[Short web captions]
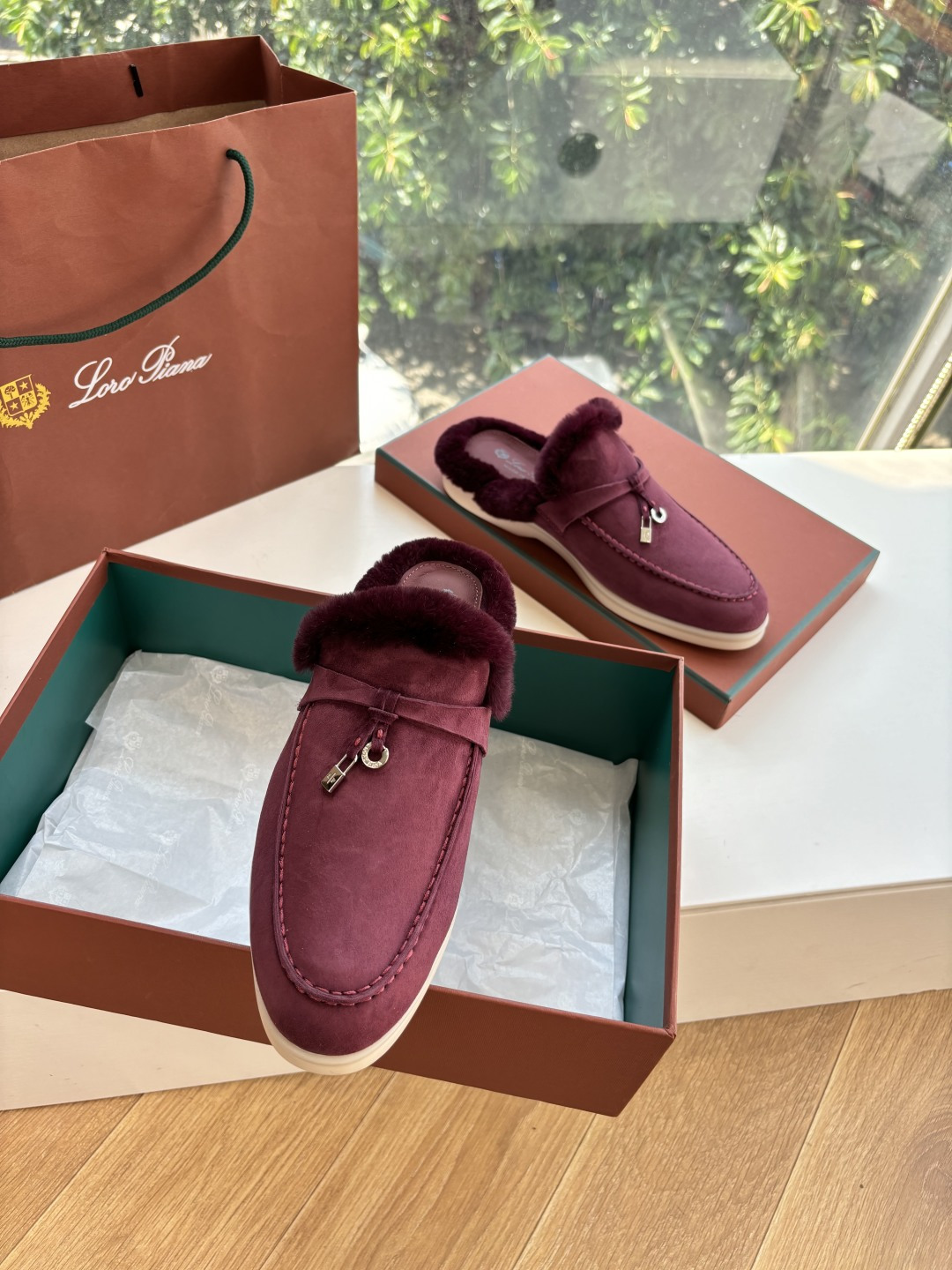 로로피아나(Loro Piana) 커플 퍼 트리밍 스웨이드 뮬 슬리퍼 신발
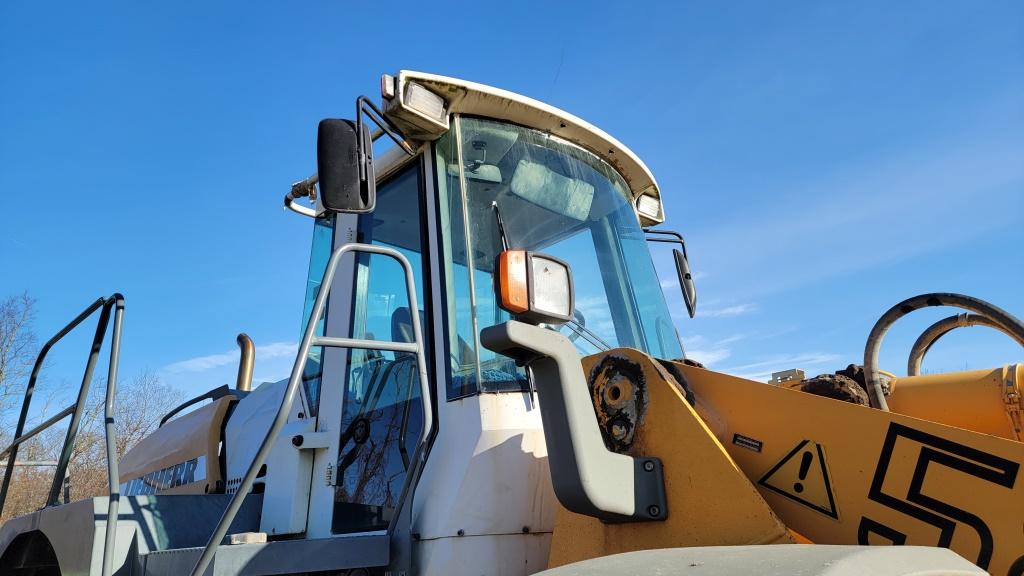 2005 LIEBHERR L580 WHEEL LOADER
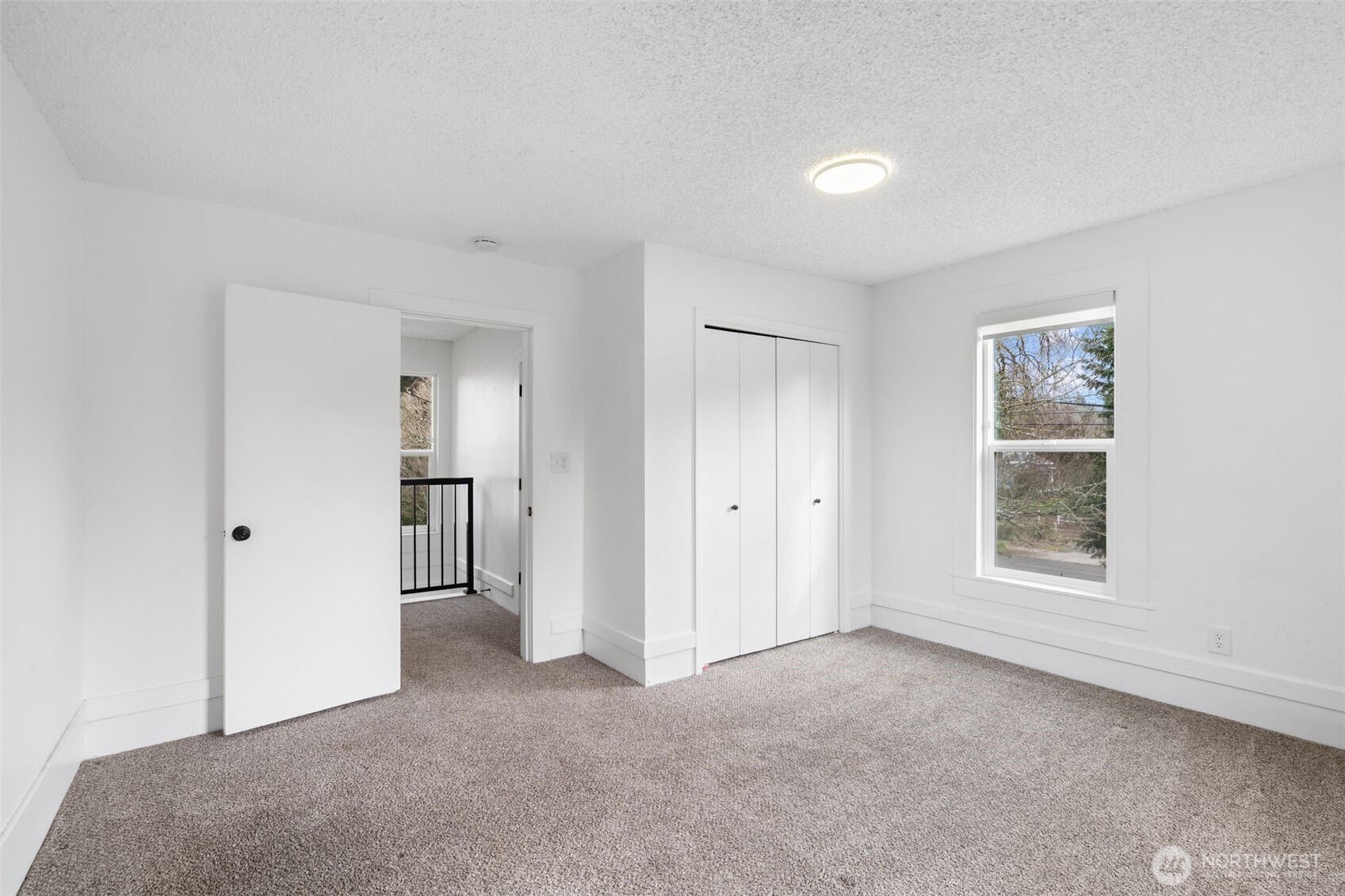 713 N Main Avenue , Ridgefield, WA 98642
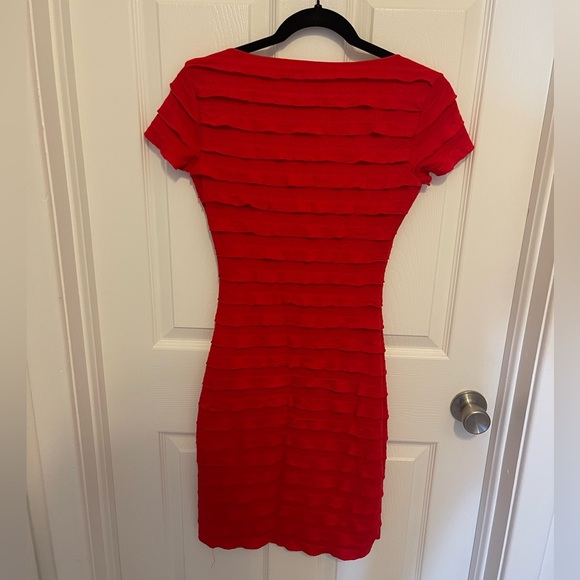 Red fitted max studio dress - xs - Picture 2 of 3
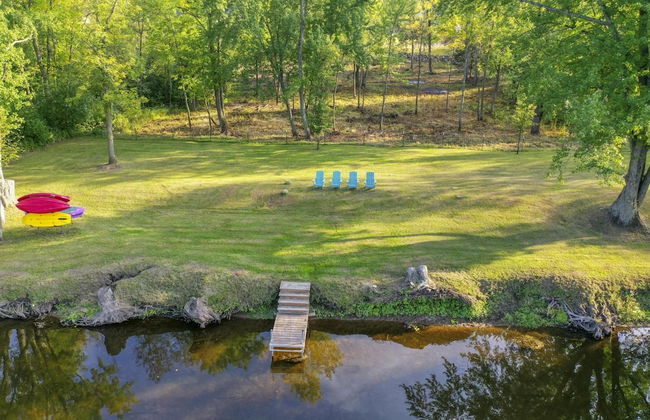 The Goat House Waterfront Hottub 3 Acres - Foto 8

Problem description:
Could all the data above be given again exactly, leaving out its images?

Exercise response:
 로로피아나(Loro Piana) 커플 퍼 트리밍 스웨이드 뮬 슬리퍼 신발
 2005 LIEBHERR L580 WHEEL LOADER
 713 N Main Avenue , Ridgefield, WA 98642
 Red fitted max studio dress - xs - Picture 2 of 3
 The Goat House Waterfront Hottub 3 Acres - Foto 8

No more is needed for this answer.